Wow you sound just like me. I also started having attacks around age 13 but wasn't diagnosed til age 24. Kept being told I was having panic attacks, until someone finally bothered to check me on an EKG.
Anyway, anything that stimulates the vagus nerve can stop an episode and belching probably did just that. Another way of doing this is holding your breath and bearing down like you're going to the bathroom, plunging your face into ice cold water, gagging or coughing.
I can't believe that this question was just asked. I was just thinking this morning as I was waking up that I needed to ask the very same question for my daughter (12). Now my question is, can doing these things to STOP the svt actually make it worse? This is all brand, brand new to my daughter and me so please don't laugh at my questions!
Oatbucket, the maneuvers used to stop SVT will not make it worse. Every cardiologist, doctor and EMT I've ever discussed my SVT with has recommended them and you can read about them online (search for Valsalva Maneuver or vagal nerve maneuvers).

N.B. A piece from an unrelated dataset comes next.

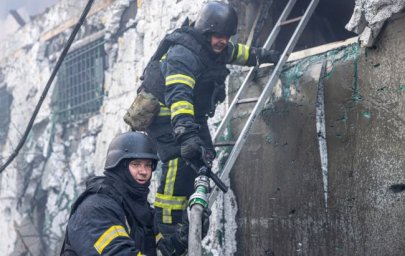 Руйнування будівель та пожежі: ДСНС показали наслідки атаки РФ по Харкову та передмісті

Nobody will laugh at your questions. We were all new at this once ourselves.
Thanks for replying
I too was told that i was having panic attacks!! (so frustrating) My GPs just didn't believe me until i had a long episode caught on a monitor at hospital. If you don't mind me asking are you on any meds for the svt? How frequent and long are your attacks? Do you also get missed beats??
i have svt for 6 years dr keep givinf=g me zoloft paxal been to hospital ermany time but they convert before any meds i am alwys scared they happen alot at night I cant go any were scared of being alone that I will die no one seems to know whats happening I am very depressed my life is so confined what can I do
What things start an SVT attack? Can I set it off myself? I know how to stop them, I just want to avoid things that start it off, also if I were to faint how long would I be out for and would I fall softly or stiffen and fall? Im pretty scared about fainting, ive had SVT for nearly 3 years, diagnosed with it when I was 13ish. Please help :)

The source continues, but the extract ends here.